+++ Task material +++
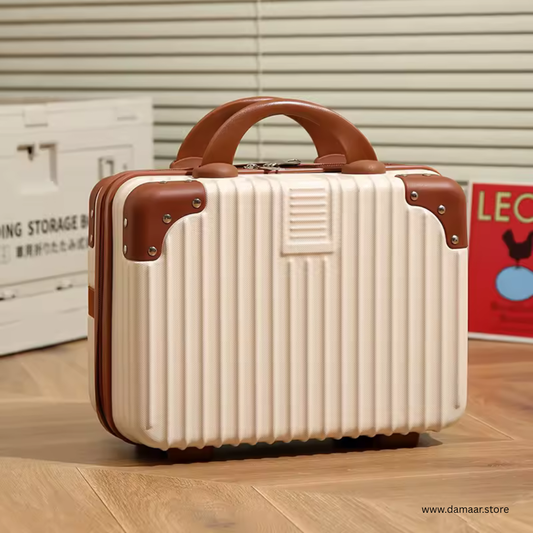 SmartShell Mini Case | Stylish Suitcase Style | Comfort and Lightweight | Multipurpose Use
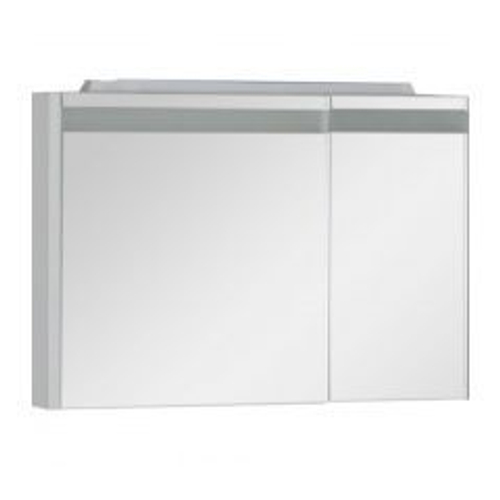 Зеркало-шкаф Aquanet Лайн 90 L белый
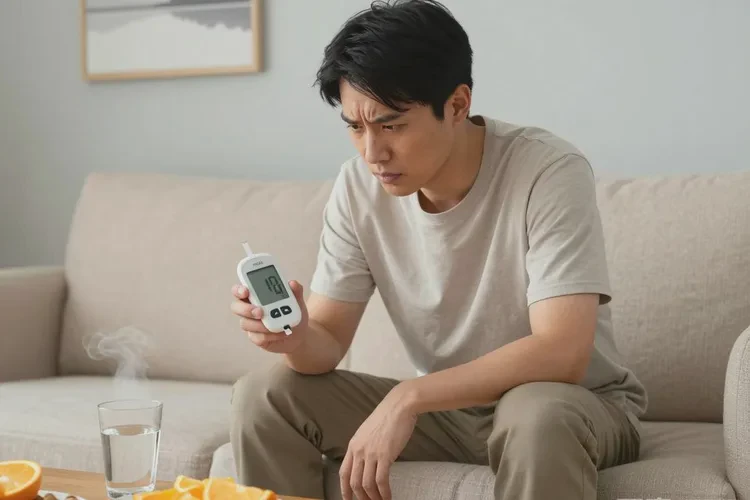 31岁晚上血糖13.9是怎么回事(图1)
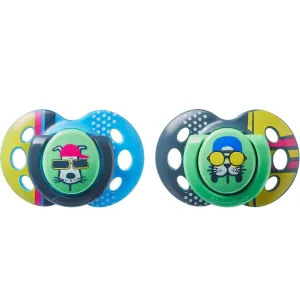 Tommee Tippee Fun Style Soothers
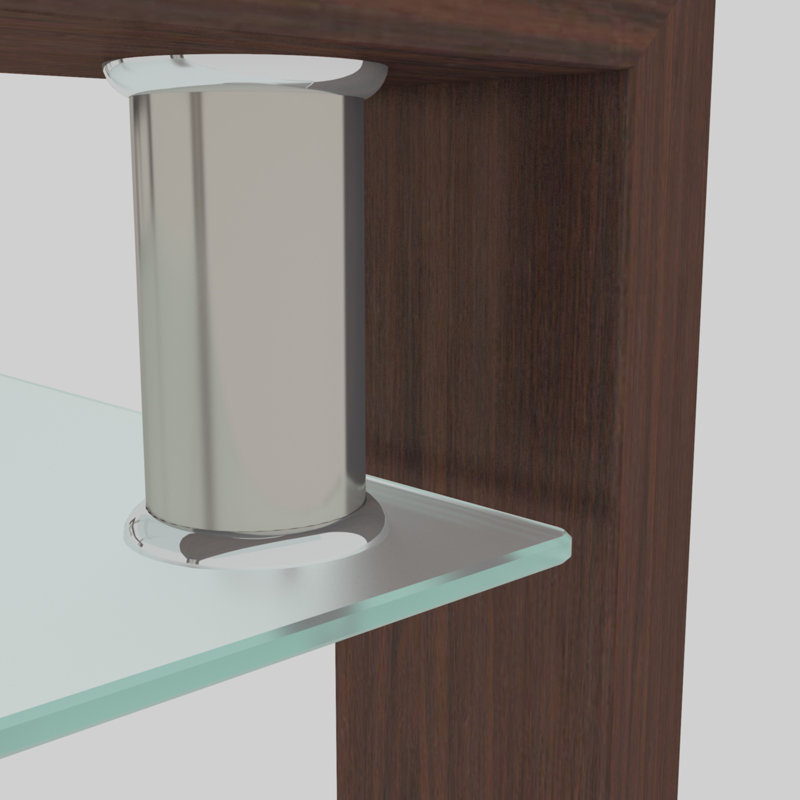 Glass Top Coffee Table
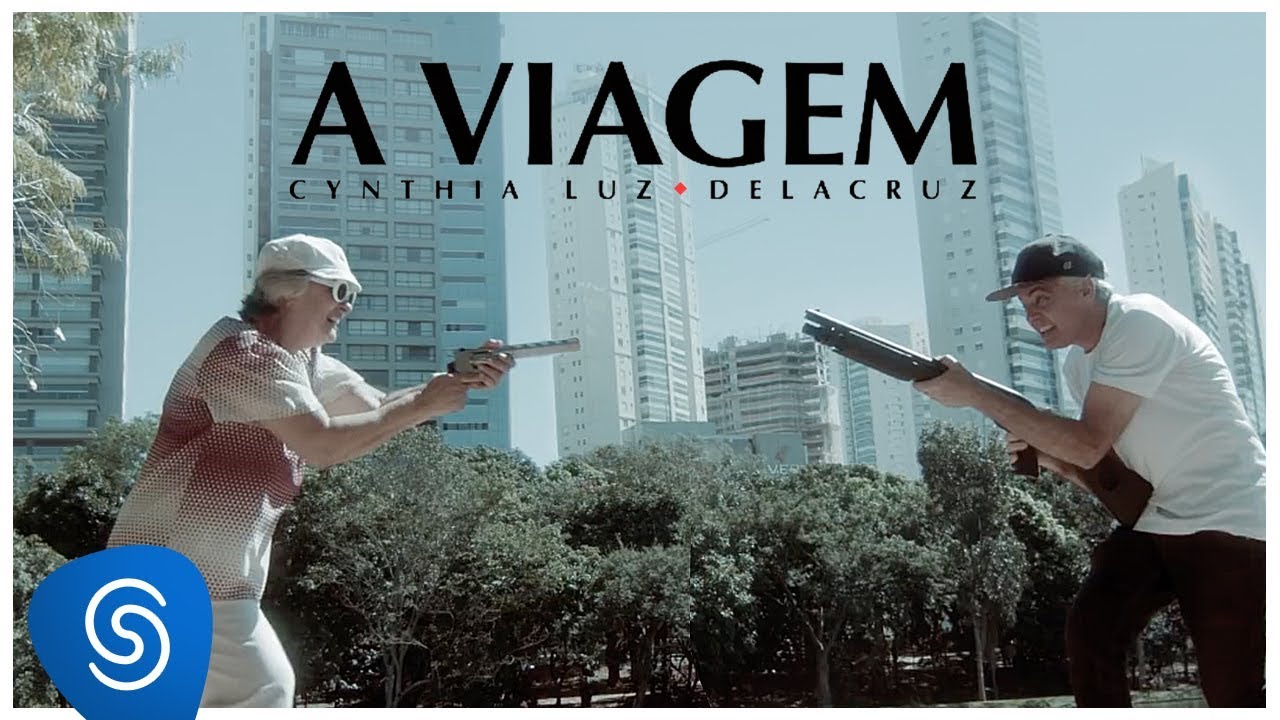 Dj Caique une Delacruz e Cynthia Luz no videoclipe ‘A Viagem’
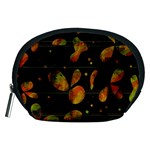 Floral abstraction Accessory Pouches (Medium) 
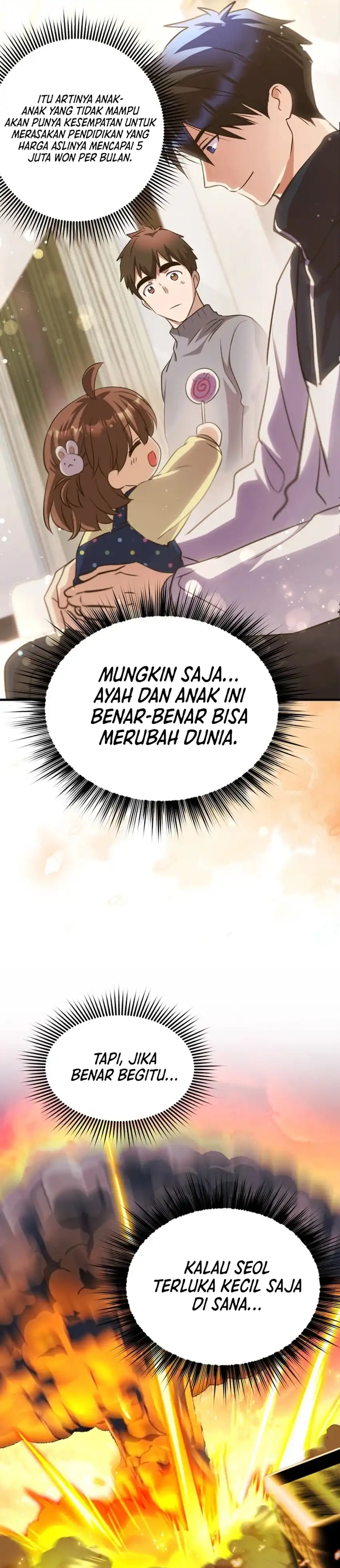 Even the Almighty Is a First-Time Dad chapter 43 halaman 22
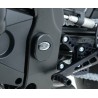 Insert de cadre gauche noir R&G RACING BMW S1000R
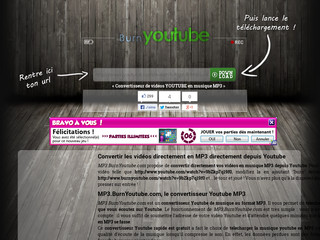 Convertisseur vidéos youtube en musique MP3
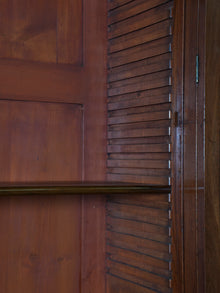 A Large George III Mahogany Breakfront Bookcase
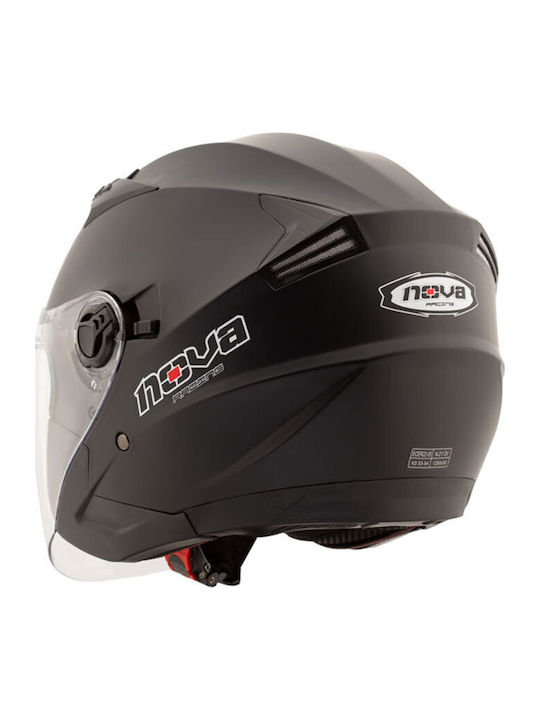 Nova Racing OF211 Blaze Мотоциклетна каска Джет ECE 22.06 / ECE 22.05 1250гр с Sunvisor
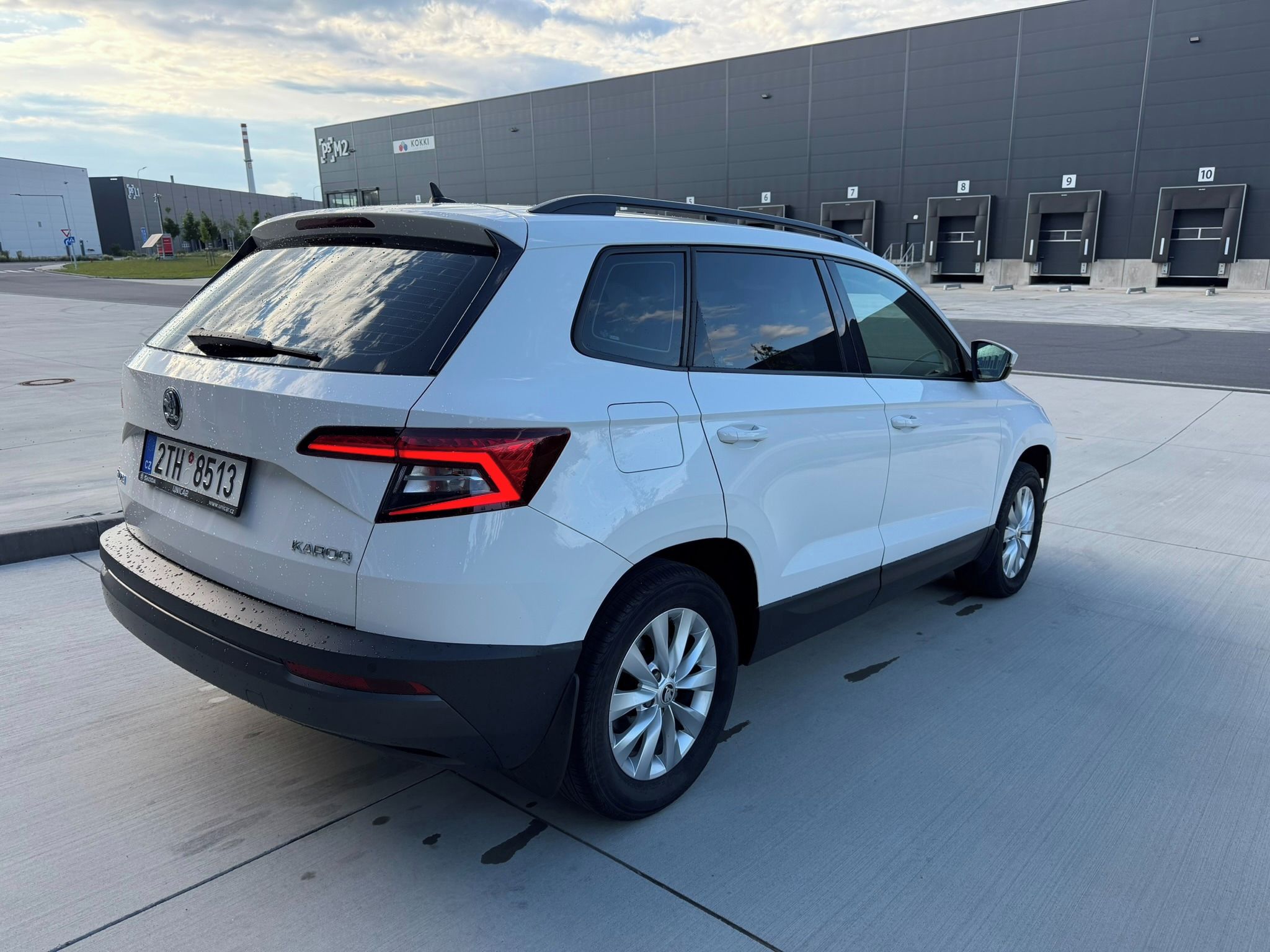 Škoda Karoq, Najeto 82tis Led Koupené v ČR - fotka 4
+++
* **The problem**:
Please return exactly the lines from the one containing "Tommee Tippee Fun Style Soothers" through the end of the material above, both ends included, but not the pictures.

* **Solution to this task**:
 Tommee Tippee Fun Style Soothers
 Glass Top Coffee Table
 Dj Caique une Delacruz e Cynthia Luz no videoclipe ‘A Viagem’
 Floral abstraction Accessory Pouches (Medium) 
 Even the Almighty Is a First-Time Dad chapter 43 halaman 22
 Insert de cadre gauche noir R&G RACING BMW S1000R
 Convertisseur vidéos youtube en musique MP3
 A Large George III Mahogany Breakfront Bookcase
 Nova Racing OF211 Blaze Мотоциклетна каска Джет ECE 22.06 / ECE 22.05 1250гр с Sunvisor
 Škoda Karoq, Najeto 82tis Led Koupené v ČR - fotka 4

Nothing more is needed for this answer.